Monday, April 5, 2010

Meat Loaf - Bat Out Of Hell III: The Monster Is Loose

Best voice in rock? Meat’s got my vote. Aday makes the sleaziest lyrics sound unbelievably romantic, all while rocking the operatic bat metaphors like nobody’s business. But in anticipation of his upcoming album, I thought I’d give the darkest entry of Meat’s catalogue an overview.

Bat Out Of Hell’s title track may be one of the greatest songs of all time, but this album has actually gotten more listens from me than his first masterpiece; maybe it’s because the album finds more ways to grab me and pull me in, while still maintaining the integrity we’ve come to expect from Meat and co.

This is definitely a more guitar-oriented album, and its influences come from unexpected places: members from Motley Crue and Marilyn Manson contributed to the making of the quasi-title track, and the influence shows in its modernized verses – though its desperate chorus betrays a newer side of Meat, and the softer middle section is a slice of that classic Loaf.

And if that isn’t your bag, the next few songs are everything you’ve come to expect from Meat Loaf: soaring choruses, heartfelt strains and the kind of unremitting romance you could only truly find in song. Everything does betray a desperate tone like the title track, though – while on previous albums, Meat was fooling around with fast women in the backs of cars, on this album it’s “Your heart is kind / mine’s painted black” and “I want you to cry over me / die over me…”

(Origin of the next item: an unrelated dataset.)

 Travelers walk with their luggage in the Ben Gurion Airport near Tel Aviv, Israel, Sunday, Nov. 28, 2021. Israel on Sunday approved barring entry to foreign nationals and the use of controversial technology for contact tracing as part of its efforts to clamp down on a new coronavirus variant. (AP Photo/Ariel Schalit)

Which brings me to In The Land Of The Pig, The Butcher Is King, by far Meat’s darkest song ever: over brooding, downright Wagnerian orchestration and guitar laid down by Mr. Steve Vai, Meat snarls his way through a tale of societal upheaval that fits more with the monstrous aesthetic of the title track than with the broken love songs on display here. This is fucking brilliant, though on a completely different level than classics like Bat Out Of Hell and Paradise By The Dashboard Light.

Oh, those kinds of songs are still there: Alive is guaranteed to get you tapping your foot, or drumming your fingers, while Seize The Night just might be in league with the aforementioned Bat Out Of Hell itself, with its unforgettable orchestral swells and atmosphere.

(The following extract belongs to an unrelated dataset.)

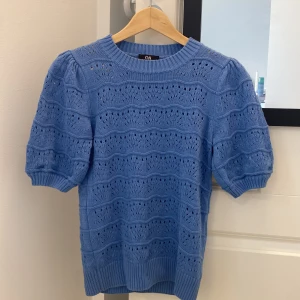 Blå stickad topp med puffärm C&A XS - Supersöt ljusblå stickad topp från C&A i storlek XS. Tröjan har korta puffärmar, rund halsringning och ett genomgående hålmönster som ger en luftig känsla. Perfekt för vår och sommar när du vill ha något både gulligt och bekvämt. Aldrig använd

And plus, you have to give credit to a song that makes getting oral sound like pure poetry.

I can throw out all kinds of adjectives for how much I enjoy an album, but I really know it’s one of my all-time favourites when I get that familiar tingle down my spine just from writing about it. I’m not familiar with Meat Loaf’s fan community, so I don’t know how this album was received (Certainly, there was an enthusiastic reception to Meat’s coming at the Toronto show a mere week after the album released), but it reigns as one of my favourite rock records of all time.

So bottom line: get it, pop it in and set the monster loose.